Alison Stewart is an American journalist and author. Stewart first gained widespread visibility as a political correspondent for MTV News in the 1990s.
In 1988 Stewart began her career as an assistant at MTV. In 1991, she joined MTV News as a segment producer when she was hired by MTV News Director Linda Corradina. She began reporting and producing during MTV's first "Choose or Lose" campaign, which covered the 1992 presidential race. Her coverage earned her a Peabody Award. Stewart remained at MTV for much of the 1990s, contributing segments to other MTV News shows including Megadose and MTV News: Unfiltered. She also hosted specials including the Real World Reunion in 1995. Stewart left MTV and moved to CBS News in December 1996. While there, she reported for several of the network's news programs, including CBS News Sunday Morning, 48 Hours, and Public Eye with Bryant Gumbel.
21st-century
Moving to ABC News, she co-anchored its early morning news program, World News Now with Anderson Cooper, and also contributed reports to Good Morning America and 20/20 Downtown. In 2003, Stewart moved from ABC News to MSNBC where she was a daytime anchor and primary substitute host for Countdown with Keith Olbermann and The Rachel Maddow Show. She occasionally filled in as newsreader on NBC's Weekend Today. From May 2006 to April 2007, she hosted a daytime news program The Most with Alison Stewart on MSNBC. Stewart married MSNBC Vice President of Programming Bill Wolff in November 2006. Stewart joined NPR in May 2007 to host a morning drive show called The Bryant Park Project, which targeted adults between ages 25 and 44. The program premiered October 1, 2007 and was canceled effective July 25, 2008. She returned from maternity leave to host the show's last week, starting Monday, July 21, 2008. Stewart served as a panelist on NPR's Wait Wait… Don't Tell Me! and served as fill in host of NPR's Talk of the Nation and Weekend Edition.
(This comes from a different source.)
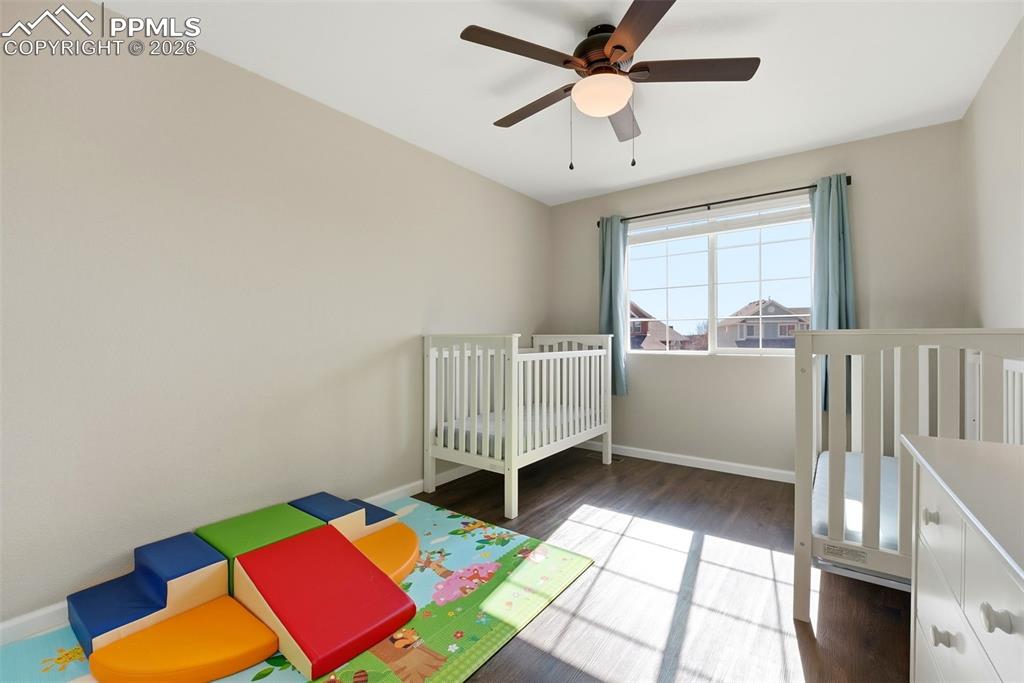 8318 Shadow Run Lane Fountain, CO 80817 - Photo 26 of 50 a bedroom with a bed and a window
On May 7, 2010 she became the co-host of the new show Need to Know on PBS. She left the show on September 9, 2011; in her departure announcement she said she would be finishing a book she had "been working on for years." In late 2011, Stewart went back to CBS News and reported a story for 60 Minutes that aired on January 1, 2012. In 2012, she hosted the first season of the “TED Radio Hour,” a radio program produced by TED and NPR. In 2013, her book First Class, a history of Dunbar High School, was published. It was named one of the best books of 2013 by Mother Jones and Essence magazines. Her second book, JUNK: Digging Through America's Love Affair with Stuff, was published in April 2016. Stewart returned to PBS as a special correspondent and as a fill-in anchor for NewsHour Weekend and Charlie Rose. In September 2018, Stewart was added to the WNYC line up hosting a midday show called "All of It with Alison Stewart."